Mensagens obtidas com autorização da Justiça Federal mostram que no dia 9 de janeiro de 2014 Cabral disse que não seria possível conceder a isenção no imposto naquele momento, como os empresários do setor solicitavam.

"Quanto ao IPVA, não afeta apenas a cidade do Rio, mas também outras cidades. Já fizemos um grande esforço fiscal com a desoneração do ICMS [editada no início daquele mês de janeiro de 2014]. Isso tem que ser tratado com muito cuidado. Vivemos um momento difícil nas finanças públicas do país, aqui no Estado e nas prefeituras. [...] Tenha certeza que no momento apropriado será feito, pois o pleito é justo", escreveu Cabral a Lélis Teixeira, então presidente da Fetranspor (entidade das empresas de ônibus), também preso e denunciado.

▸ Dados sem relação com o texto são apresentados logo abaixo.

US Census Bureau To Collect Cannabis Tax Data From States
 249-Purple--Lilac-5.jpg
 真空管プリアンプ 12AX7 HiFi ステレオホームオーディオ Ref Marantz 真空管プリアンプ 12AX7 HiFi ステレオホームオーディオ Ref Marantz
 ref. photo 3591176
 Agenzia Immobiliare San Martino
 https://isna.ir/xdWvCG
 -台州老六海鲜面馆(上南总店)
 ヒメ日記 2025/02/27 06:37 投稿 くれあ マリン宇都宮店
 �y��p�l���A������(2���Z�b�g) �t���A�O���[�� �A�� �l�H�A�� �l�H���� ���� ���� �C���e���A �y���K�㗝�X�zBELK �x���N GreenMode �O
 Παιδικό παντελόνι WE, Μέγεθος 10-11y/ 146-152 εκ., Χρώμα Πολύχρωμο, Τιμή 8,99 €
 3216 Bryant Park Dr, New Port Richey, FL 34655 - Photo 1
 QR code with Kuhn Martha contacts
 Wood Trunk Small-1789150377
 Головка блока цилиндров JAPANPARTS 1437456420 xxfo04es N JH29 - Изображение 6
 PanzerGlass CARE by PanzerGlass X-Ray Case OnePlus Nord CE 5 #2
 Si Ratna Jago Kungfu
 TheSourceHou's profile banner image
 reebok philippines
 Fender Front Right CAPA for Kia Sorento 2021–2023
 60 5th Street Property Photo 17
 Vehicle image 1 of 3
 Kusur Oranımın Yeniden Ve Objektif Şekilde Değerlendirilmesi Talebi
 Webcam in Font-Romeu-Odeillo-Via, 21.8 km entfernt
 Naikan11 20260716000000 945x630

Seis dias depois, o peemedebista assinaria um decreto concedendo desconto aos empresários, sem qualquer garantia de redução na tarifa. Como a Folha revelou em junho, o desconto concedido por Cabral tramitou por apenas um dia nos gabinetes do Estado.

Os e-mails foram reproduzidos na denúncia oferecida na segunda-feira (7) contra o ex-governador e outras 18 pessoas. No total, o MPF denunciou 23 pessoas em decorrência da Operação Ponto Final em duas peças distintas –que representam a 13ª e 14ª acusações contra Cabral.

Não era a primeira vez que Cabral demonstrava dificuldades em conceder o desconto. Em 26 de dezembro de 2013, ele afirmou ao empresário Jacob Barata Filho, também preso e denunciado, que se tratava de "um tema polêmico".

"A Alerj [Assembleia Legislativa] está em recesso e esse é um tema polêmico pois há perda de receita também para os municípios", escreveu o peemedebista.

A ausência de trâmite do desconto na Alerj foi, inclusive, o motivo pelo qual o decreto de desconto de IPVA foi considerado ilegal pelo Tribunal de Justiça. A Justiça afirmou que essa isenção só poderia ser concedida por meio de uma lei, a ser aprovada pela Assembleia.

Para o MPF, o desconto é uma prova de ato de ofício feito em decorrência do pagamento de propina, o que pode aumentar uma eventual pena em um terço.

A cautela indicada nos e-mails foi substituída pela rapidez com que a solicitação tramitou pelos gabinetes do Estado. A Fetranspor protocolou na Secretaria Estadual de Transporte em 16 de janeiro pedido para redução do IPVA.

No mesmo dia, o processo passou pelos gabinetes do ex-secretário de Transportes, Júlio Lopes (PP-RJ), da ex-subsecretária Tatiana Carius, do ex-superintendente de Gestão da Agência Metropolitana de Transportes Urbanos, Waldir Peres e então foi enviado para a Casa Civil.

No dia seguinte, o decreto foi assinado pelo então governador. Até esta fase, o processo acumulava nove páginas –sendo uma a capa e outra o "termo de abertura de processo"

O MPF afirma que tal decreto rendeu um "bônus" de R$ 13 milhões ao ex-governador. De acordo o procurador regional José Augusto Vagos, o volume repassado em janeiro e fevereiro de 2014 destoou das transferências habituais mensais, que iam de R$ 400 mil a R$ 1 milhão.

"Nesse mês, os valores repassados foram totalmente díspares ao que era repassado normalmente", disse Vagos.

De acordo com os dados entregues pelo doleiro Álvaro Novis –responsável pelo caixa dois das empresas de ônibus que firmou delação premiada–, o repasse foi feito em duas parcelas de R$ 6,5 milhões.

Há a suspeita ainda que parte desse bônus refira-se também à isenção de ICMS concedido às empresas de ônibus. A denúncia, porém, não identifica indícios adicionais de vinculação entre os repasses e o decreto, assinado em 2 de janeiro por Cabral.